WHAT THE TASK ASKS. The entries below hold a line with "7 Model Gelang" and a line with "Los alumnos y". Return those lines and all that lie between them, exactly and only.

RECORDS FOR THE TASK.
=== Section Start ===
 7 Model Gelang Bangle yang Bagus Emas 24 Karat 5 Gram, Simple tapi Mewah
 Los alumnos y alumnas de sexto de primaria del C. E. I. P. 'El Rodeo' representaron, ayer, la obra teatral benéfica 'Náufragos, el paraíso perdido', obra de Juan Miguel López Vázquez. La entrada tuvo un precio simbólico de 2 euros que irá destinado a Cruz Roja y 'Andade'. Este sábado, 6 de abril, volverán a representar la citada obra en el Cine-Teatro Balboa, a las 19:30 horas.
=== Section End ===
=== Section Start ===
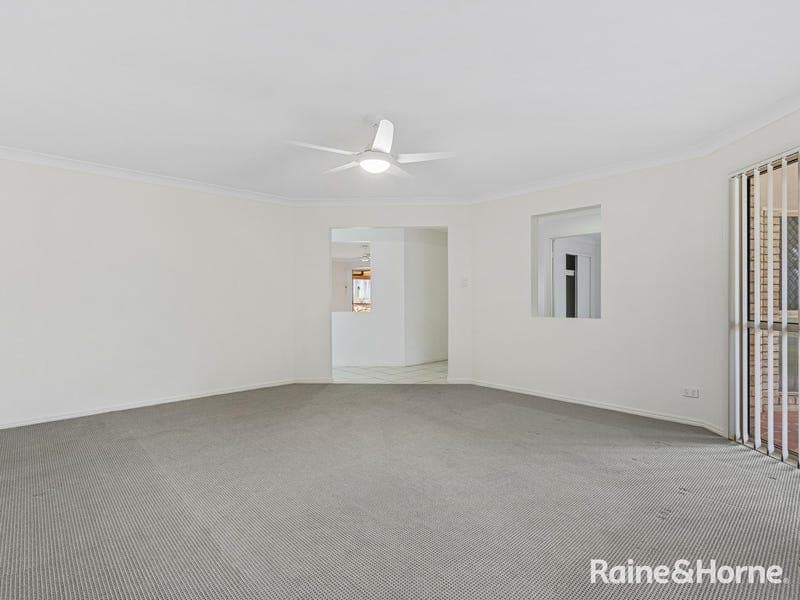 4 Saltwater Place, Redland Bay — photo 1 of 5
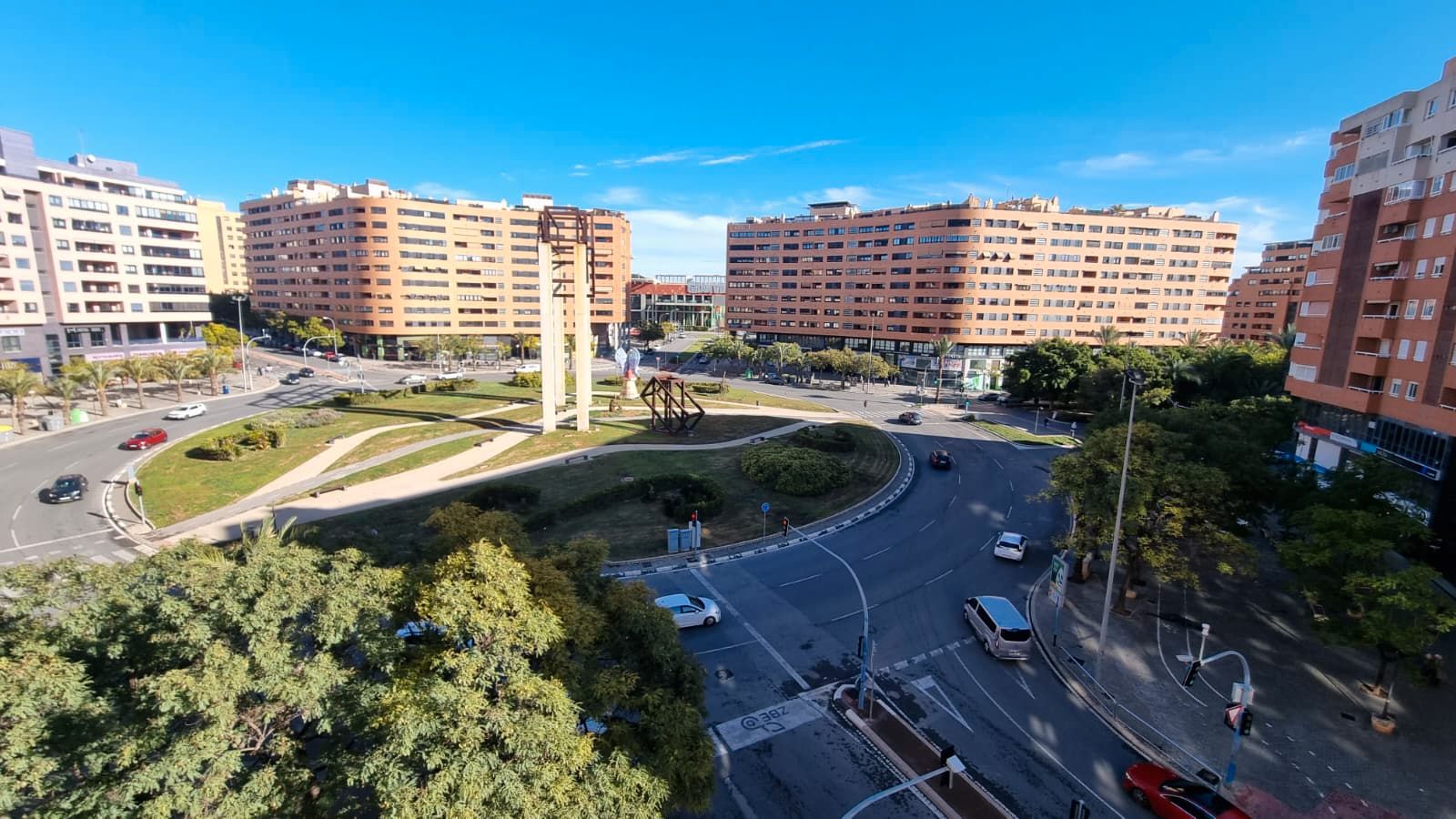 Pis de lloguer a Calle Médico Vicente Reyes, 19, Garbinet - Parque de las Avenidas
=== Section End ===
TASK ANSWER.
 7 Model Gelang Bangle yang Bagus Emas 24 Karat 5 Gram, Simple tapi Mewah
 Los alumnos y alumnas de sexto de primaria del C. E. I. P. 'El Rodeo' representaron, ayer, la obra teatral benéfica 'Náufragos, el paraíso perdido', obra de Juan Miguel López Vázquez. La entrada tuvo un precio simbólico de 2 euros que irá destinado a Cruz Roja y 'Andade'. Este sábado, 6 de abril, volverán a representar la citada obra en el Cine-Teatro Balboa, a las 19:30 horas.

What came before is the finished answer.